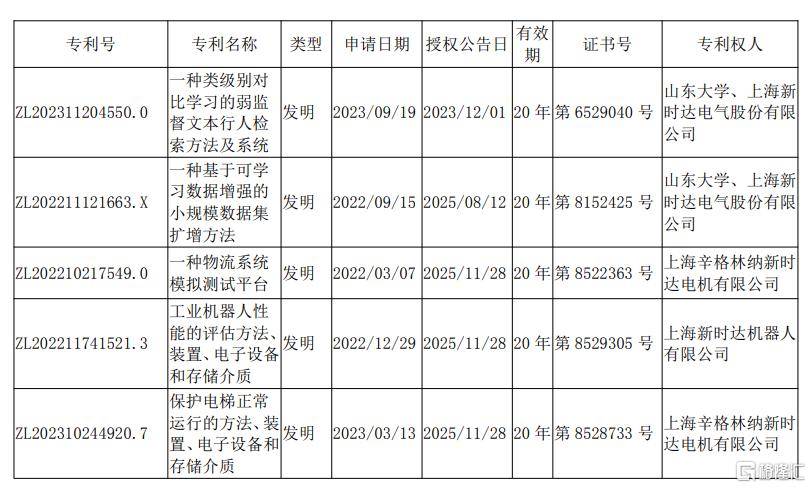 新时达(002527.SZ):工业机器人年产能达10000台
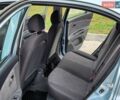 Синий Киа Рио, объемом двигателя 1.4 л и пробегом 192 тыс. км за 6444 $, фото 21 на Automoto.ua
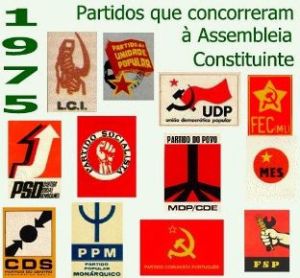 Partidos nas eleições de1975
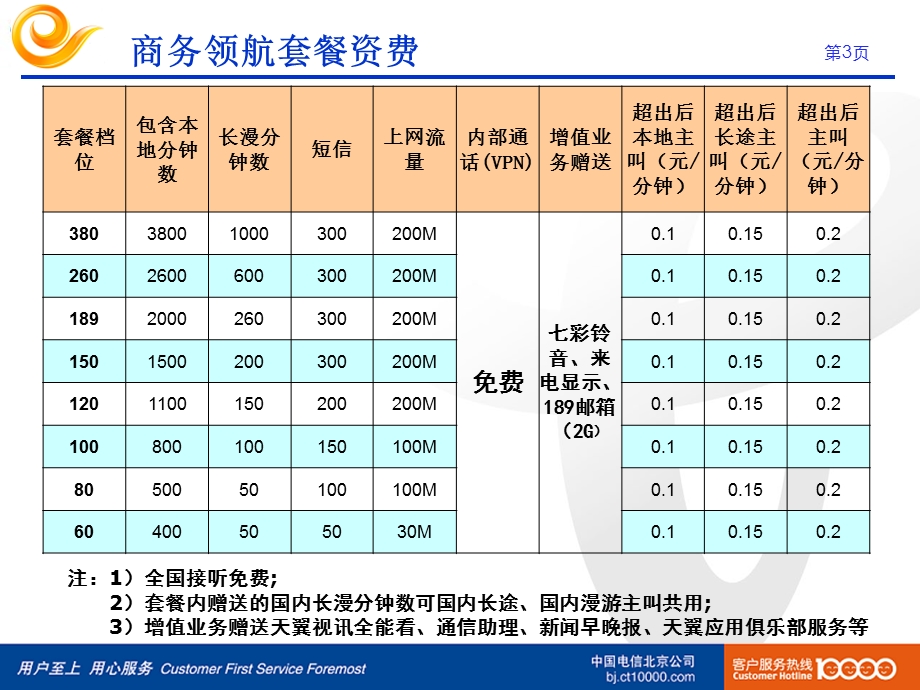 北京电信政企套餐.ppt_第3页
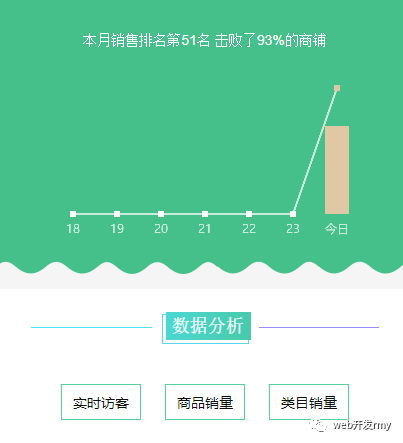 echart的折线图symbol设置为emptyCircle如何改变中间颜色_柱状图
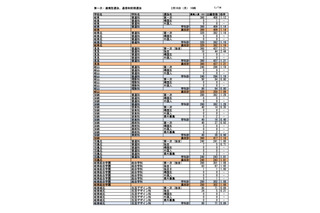 【高校受験2026】岐阜県公立高、第一次選抜の出願状況（2/16午後4時時点）長良（普通）2.44倍など 画像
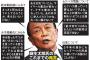 【朗報】麻生太郎さんが支持される理由が分かる一枚の画像が凄いと話題にｗｗｗｗｗｗｗｗｗｗｗ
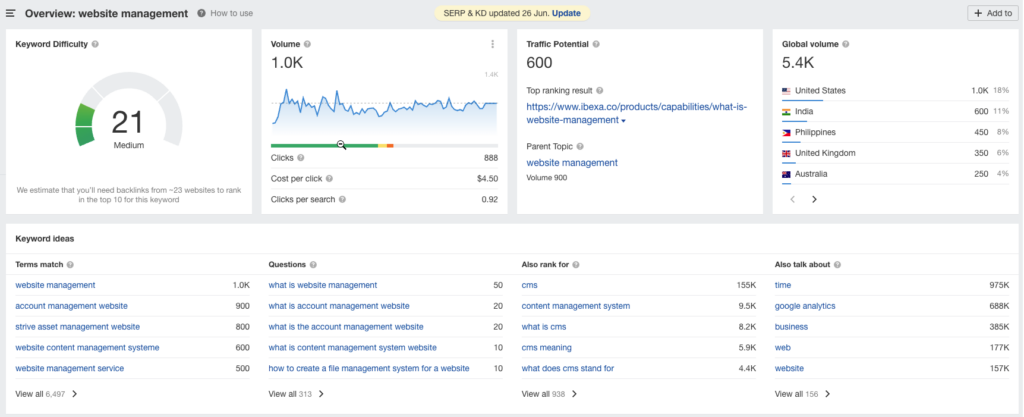 Keyword - Website content manager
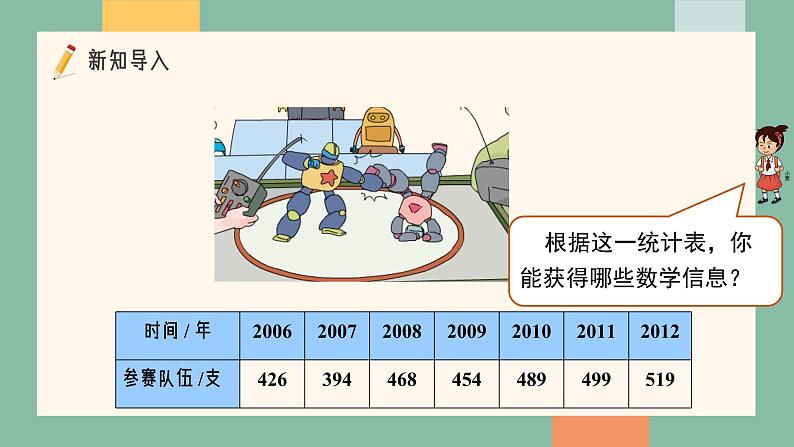 五年级下册数学人教版第七单元《折线统计图》(课件)第2页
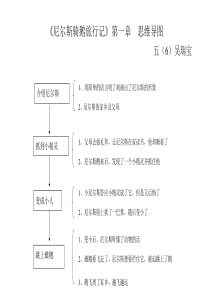 尼尔斯思维导图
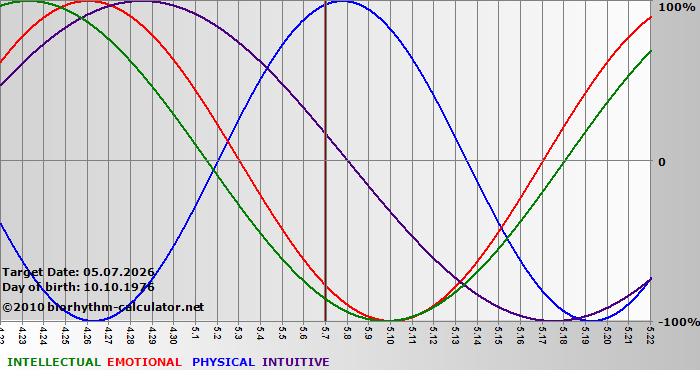 www.biorhythm-calculator.net
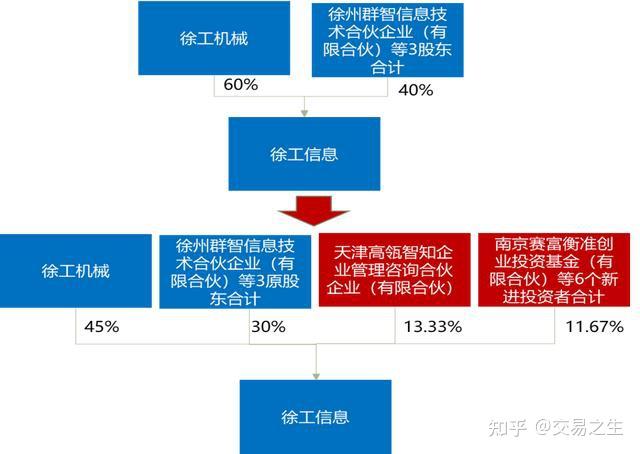 混改公司属于国企还是民企,混改企业是什么意思 - 知乎
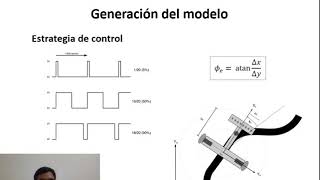 R097 Modelo matemático de robot diferencial [upl. by Slorac]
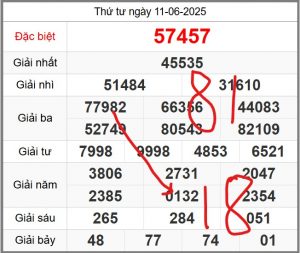 soi-cau-247-ngay-12-06-2025
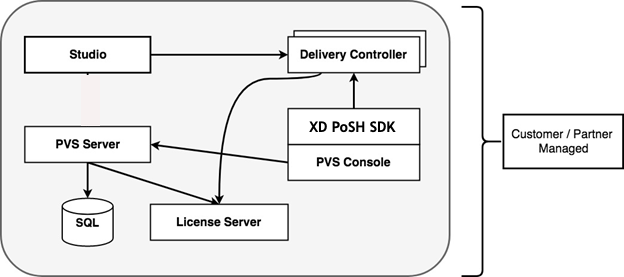 Abbildung der Citrix Virtual Apps and Desktops- und Citrix Provisioning-Bereitstellung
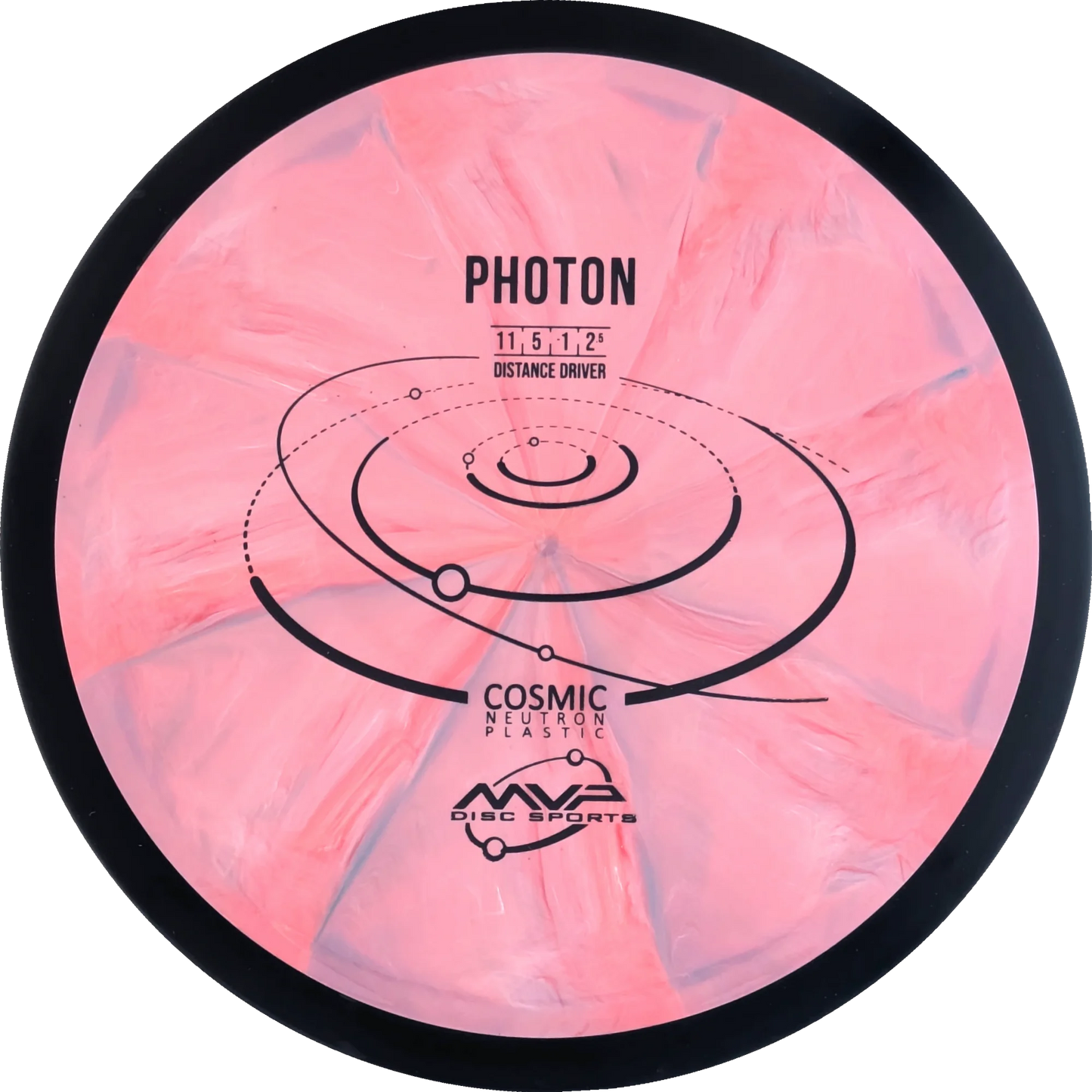 Cosmic Neutron Photon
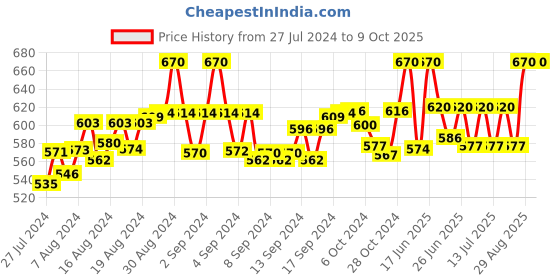 ajio.com fbar Pack of 2 Sleeveless Camisole with Adjustable Straps fbar Price History Graph from 27 Jul 2024 to 8 Oct 2025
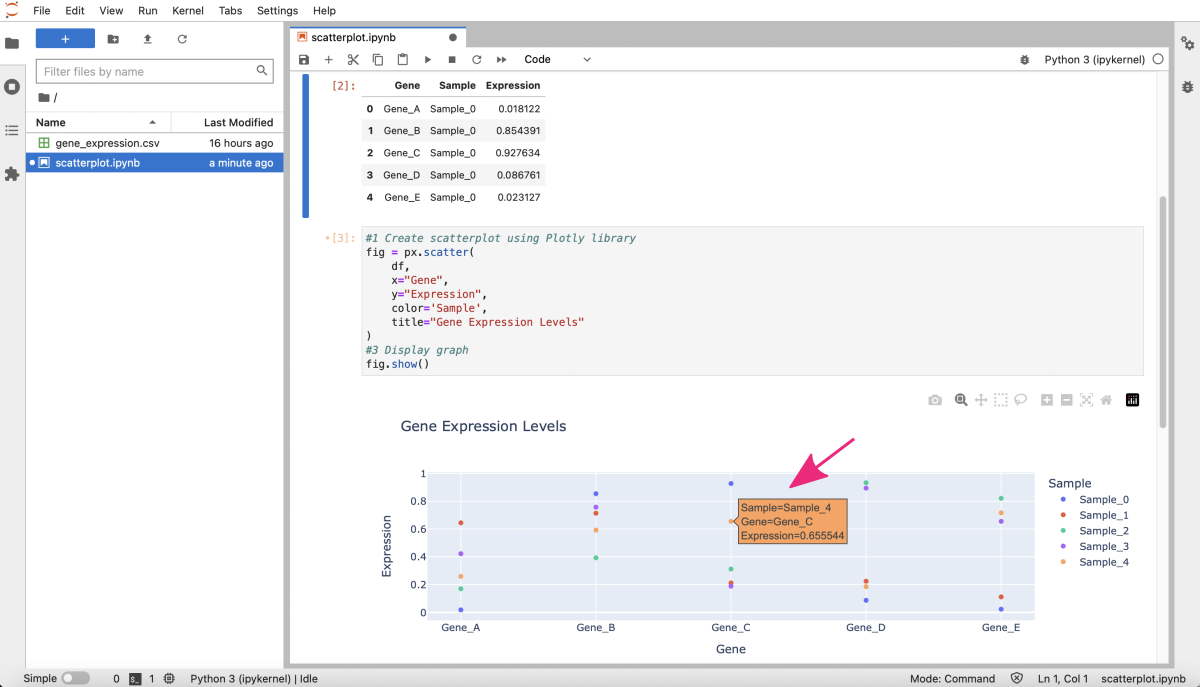 Jupyter Lab: create an interactive Python notebook - Data Science Workbook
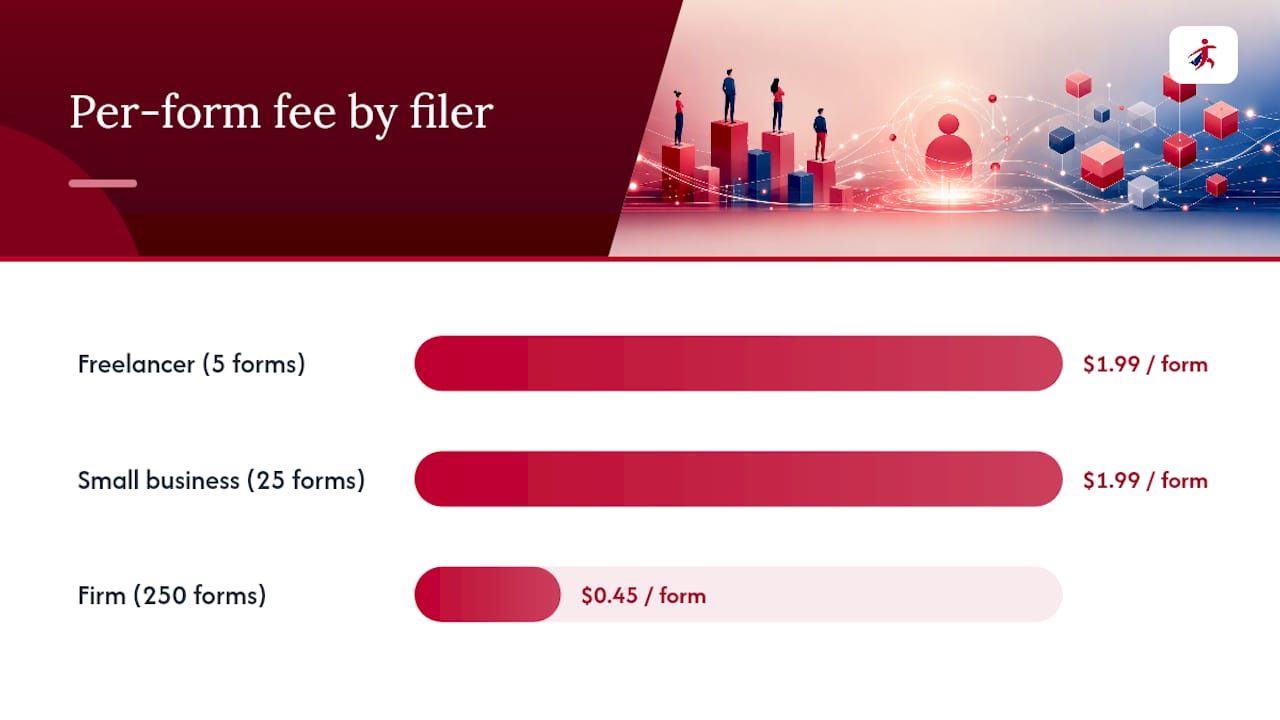 Comparison of three 1099 filing scenarios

■ ■ ■

For this exercise, please set down exactly the lines of the listing above from the line with "Keyword - Website content manager" up to and including the line with "Jupyter Lab: create", and no pictures.

 Keyword - Website content manager
 五年级下册数学人教版第七单元《折线统计图》(课件)第2页
 尼尔斯思维导图
 www.biorhythm-calculator.net
 混改公司属于国企还是民企,混改企业是什么意思 - 知乎
 R097 Modelo matemático de robot diferencial [upl. by Slorac]
 soi-cau-247-ngay-12-06-2025
 Abbildung der Citrix Virtual Apps and Desktops- und Citrix Provisioning-Bereitstellung
 Cosmic Neutron Photon
 ajio.com fbar Pack of 2 Sleeveless Camisole with Adjustable Straps fbar Price History Graph from 27 Jul 2024 to 8 Oct 2025
 Jupyter Lab: create an interactive Python notebook - Data Science Workbook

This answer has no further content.